Parents in Canada today get information and advice from all sides on how they should be raising their kids. Figuring out what’s best is a challenge, especially when ideas about what’s best are in conflict. Parents know too that others will judge them on their choices, and on their practices. The work is hard, and often, they’re managing without much social support.
That is the world that sociologist and writer Gillian Ranson explores in this book. Drawing on interviews with 84 parents across Canada, she describes life on the ground with children ranging from infants to high-schoolers. She sets parents’ experiences in the context of recent research that examines changes in ideas about child development, shifting perceptions of risk, the effects of social media, and the anxiety about “parenting”—as a job, not a relationship—that seems to trouble many parents.

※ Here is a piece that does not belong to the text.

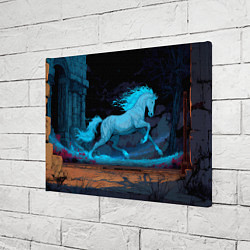 Холст прямоугольный Лошадь в синем свете, цвет: 3D-принт — фото 2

But Ranson also finds parents who value their children’s uniqueness, and want to do what works for them, parents who recognize that children are often more resilient, and more capable, than we give them credit for. The real story, and the focus of the book, is the balance between what’s expected of parents and children (and by whom) and what actually happens in the homes and backyards and neighbourhoods of families across the country.
GILLIAN RANSON is a professor emerita of sociology at the University of Calgary. Her publications include Fathering, Masculinity and the Embodiment of Care (London: Palgrave Macmillan 2015) and Against the Grain: Couples, Gender and the Reframing of Parenting (University of Toronto Press, 2010).